Pierre Baroni lives and works in Melbourne primarily as a radio announcer and DJ but also as a photographer. He started out designing record covers in 1990 and progressed to photography shortly after, taking shots of the people he was designing record covers for. He has a very unique style to say the least. I came across his work in the Geoffrey Stapleton Gallery on the night of the Cabaret opening. In short it captured my eye his large black and white shots show case the subjects in a way I have not seen before. It is the way he frames his subject that primarily makes the shot work. The tones highlight his subject and show cases them. The Adelaide Cabaret Festival shots adopt a kind of old world carnival theme with singers, escape artists, illusionists and painters.
“Seppo 2012” is a portrait of a tattooed individual; his chest is uncovered revealing a myriad of thorny body art. He is further adorned with piercings and jewellery; primal elements connecting with a tribal understanding.
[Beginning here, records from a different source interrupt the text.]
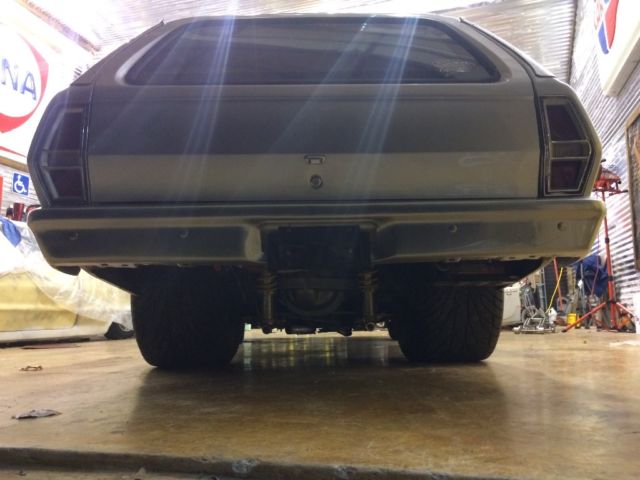 1977 Silver Ford Other Wagon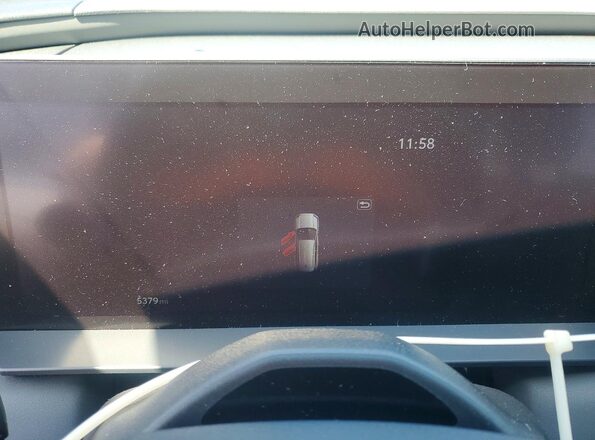 JTM6CRAVXTJ003213 2026 TOYOTA RAV4 White Вид щитка приладів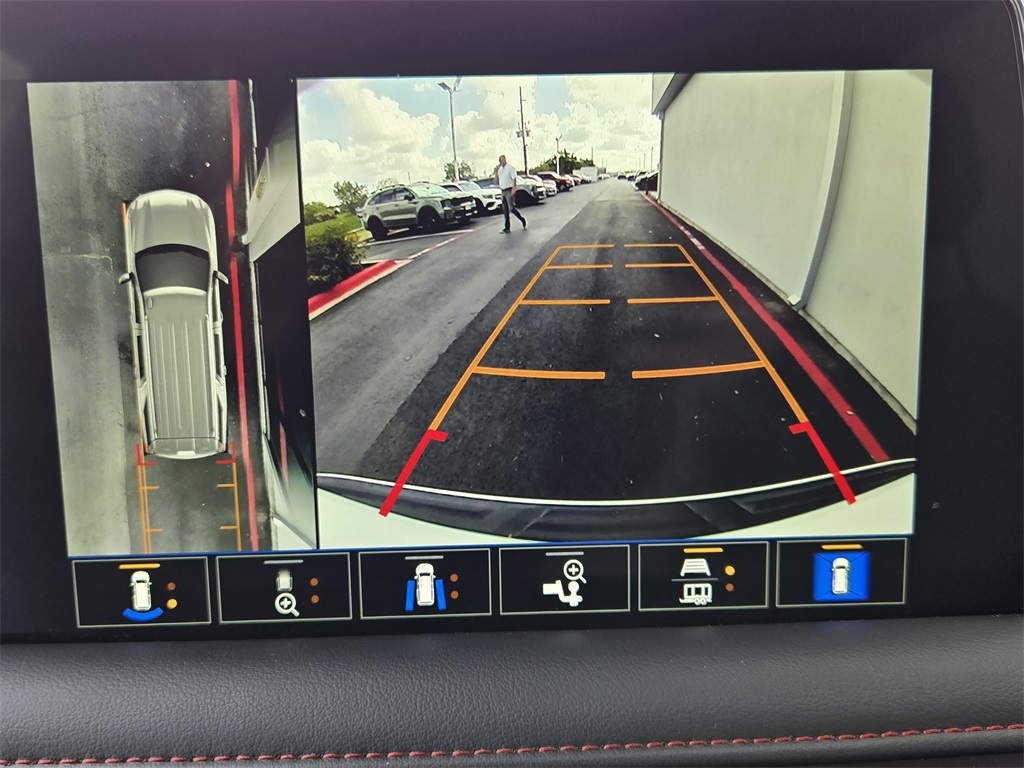 2024 Chevrolet Tahoe RST White at Classic Chevrolet Galveston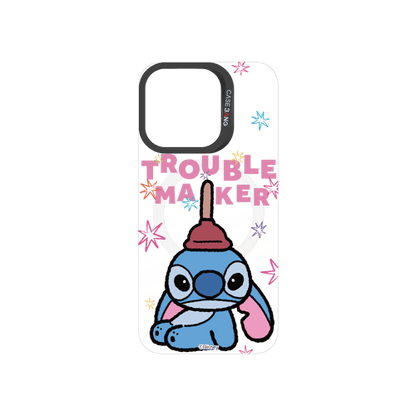 Trouble Maker Snap-On Phone Case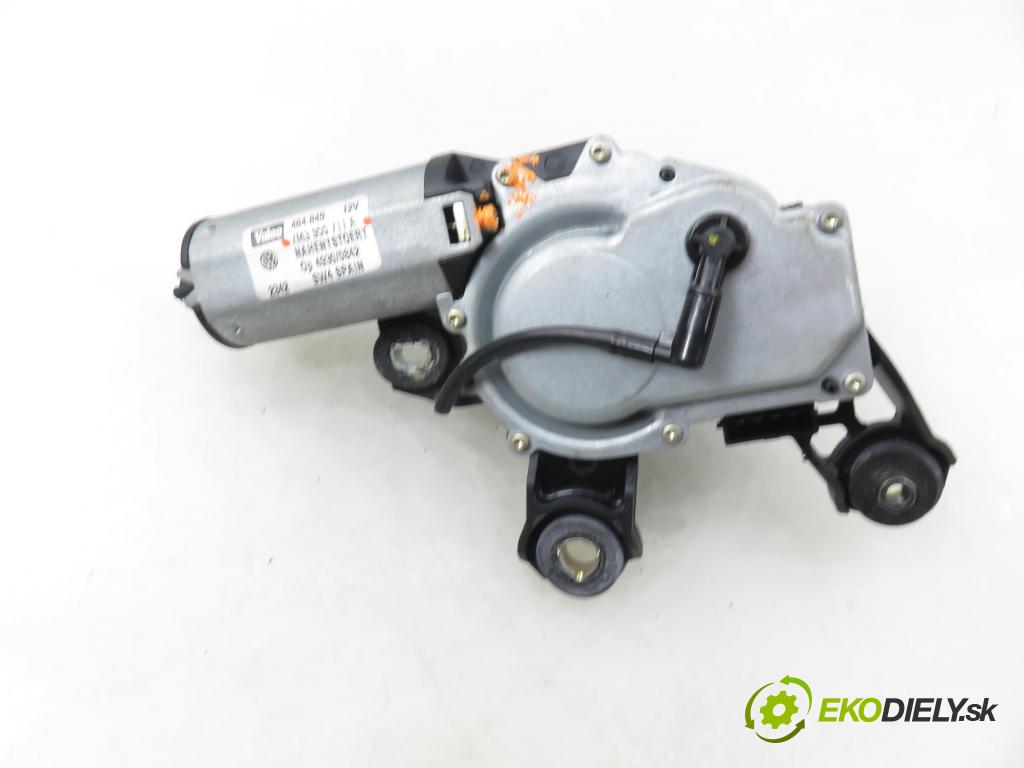 SEAT ALHAMBRA (7V8, 7V9) MINIVAN 2003 85,00 1.9 TDI PD 115 - AUY 1896,00 motorek stěrače ZADNÍ: 7M3955711A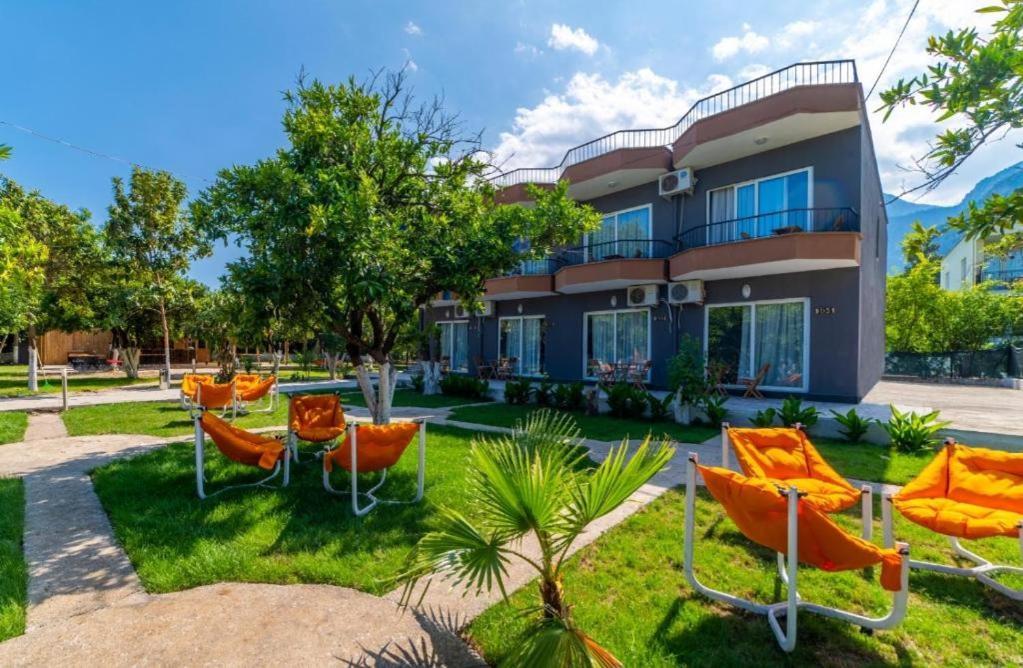 Gizlikoyhotel Antalya Exterior photo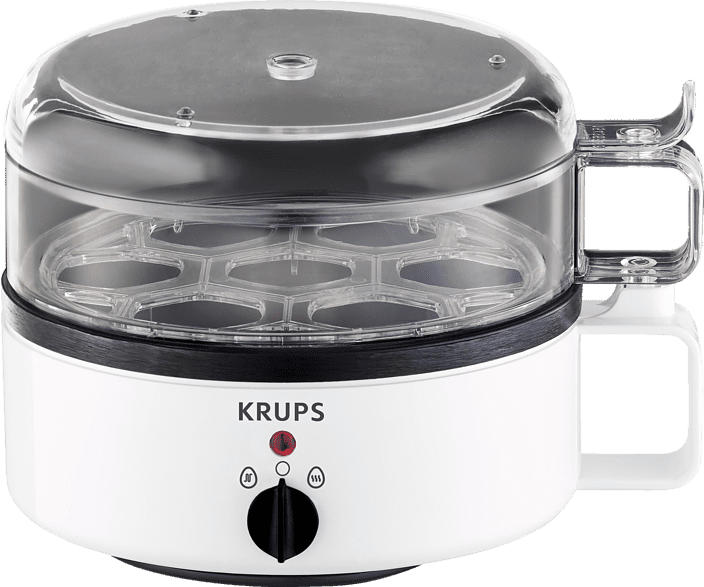 KRUPS F 23070 Ovomat Super Eierkocher (Anzahl Eier:7)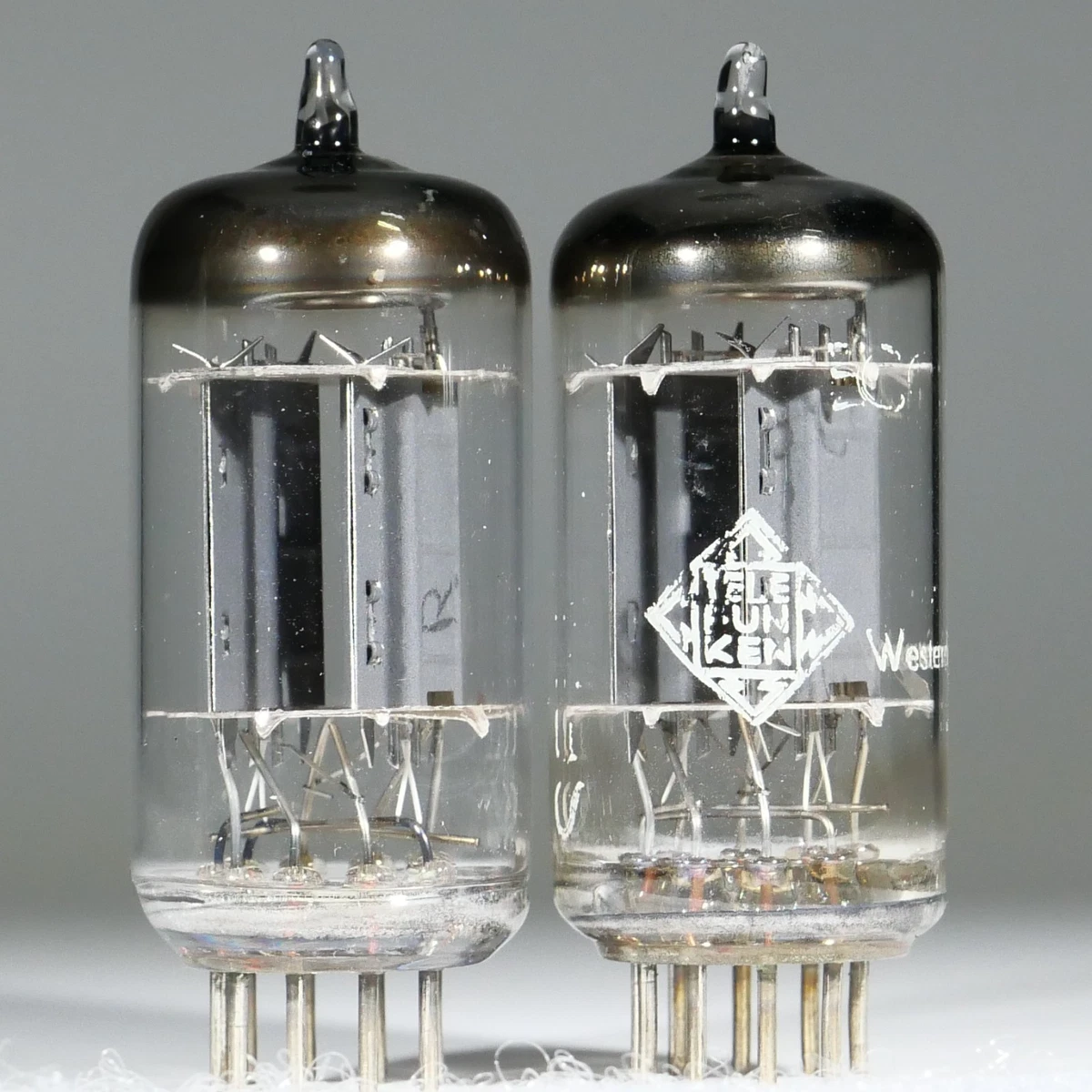 真空管　TELEFUNKEN ECC83　スムースプレート Telefunken Ecc83 12ax7 for sale | eBay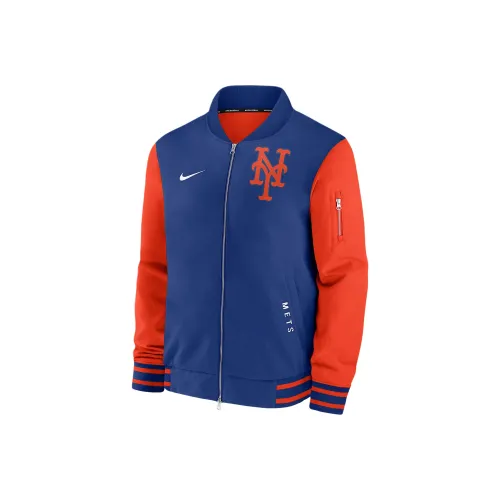 Nike x MLB Куртки и Пальто Мужской LASH Синий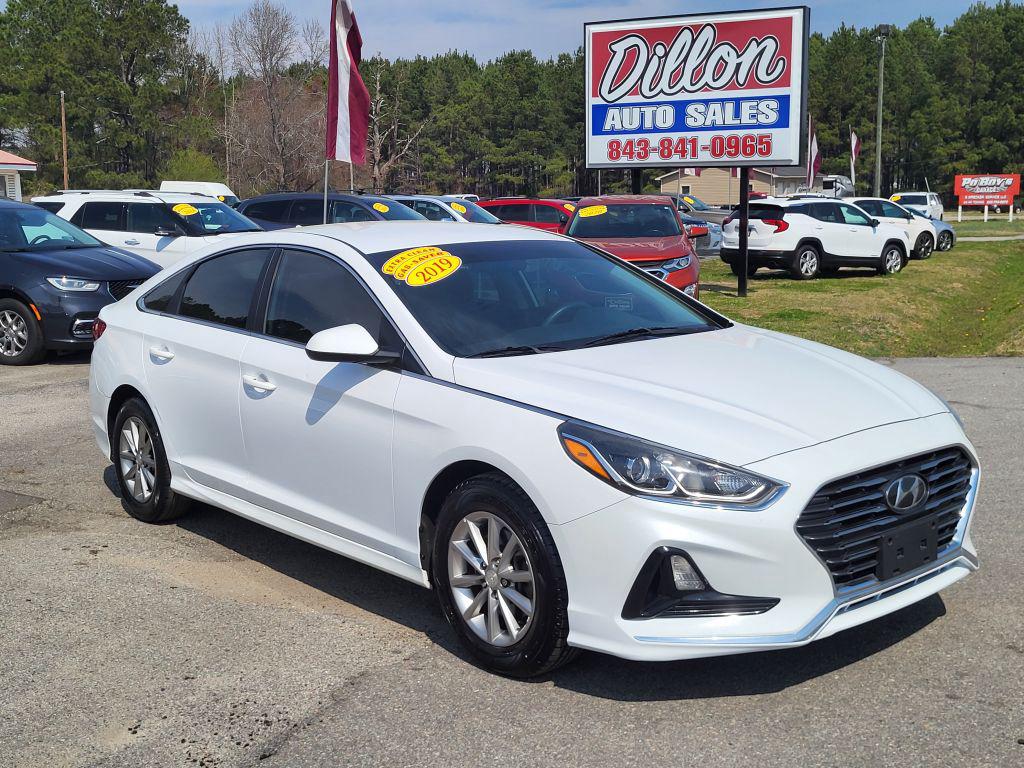 2019 Hyundai Sonata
The contrasting light within this work draw our gaze toward the face. A face scarred and marked with ink. Baroni has allowed the portrait to rest in shadow. Deep tones frame the face and even the subject’s eyes are draped in darkness. Yet through the dim tone cast by the subject’s hat one can see a watery reflection in the eyes. One of the features of Baroni’s photography is that he highlights the subject’s eyes. When we can see a person’s eyes they are allowing us in, to get closer and revel something of who they are. Seppo seems a thoughtful character, one who has had a lot of experiences.
Bromley 2011 captures the Cabaret Festival artist David Bromley at work in his studio. Again the use of strong contrast drags our eyes about the work. It has been framed with shadow, and the focal point is on the artists face. It is here that we eventually connect with the subject. Baroni has used depth of field by opening the aperture of the lens to keep the profile of Bromley’s face in focus and let the rest of the frame remain blurred. Naturally our eye settles in this space. Baroni has also taken note of how the subject must be lit. Background light highlights the edge of Bromley’s chin. This photograph has been wonderfully balanced with light and tone. This work allows me to connect with what the artist is thinking, the relaxed concentration in his eyes and soft grip of his brush reveal a precious moment in the busy life of an artist.
“Max” is a child that features twice in this photo shoot and here again depth of field has been used to keep the subjects eyes in focus allowing the rest of the shot to become blurred. I love the tonal variation in this work, the way the light reflects off of various surfaces and the way the subject has been framed. When I stood before this work I was able to connect with the subject in a way that evoked a lot of emotion. There is an element of childhood innocence that people can connect with, especially if they have children.
Pierre Baroni proudly confesses that he is untrained in the art of photography. While this may be true he is certainly skilled in his ability to frame a shot. The way he balances his subject, what he allows into the frame and the way the tonal qualities have been accentuated reveal to me that he may have more understanding than he lets on. One thing that is apparent in his work is that he breaks many “rules”, some of his subjects are out of focus, drifting away in the shot. Baroni’s work is beautiful in that it reveals the subject with honesty. The people he photographs may well be superstars but the reality is they are still fragile in their humanity.
This exhibition is one to see in the flesh. The large C-type prints are the way all photographs should be displayed. It is on at Geoffrey Stapleton Gallery until the 24th of June.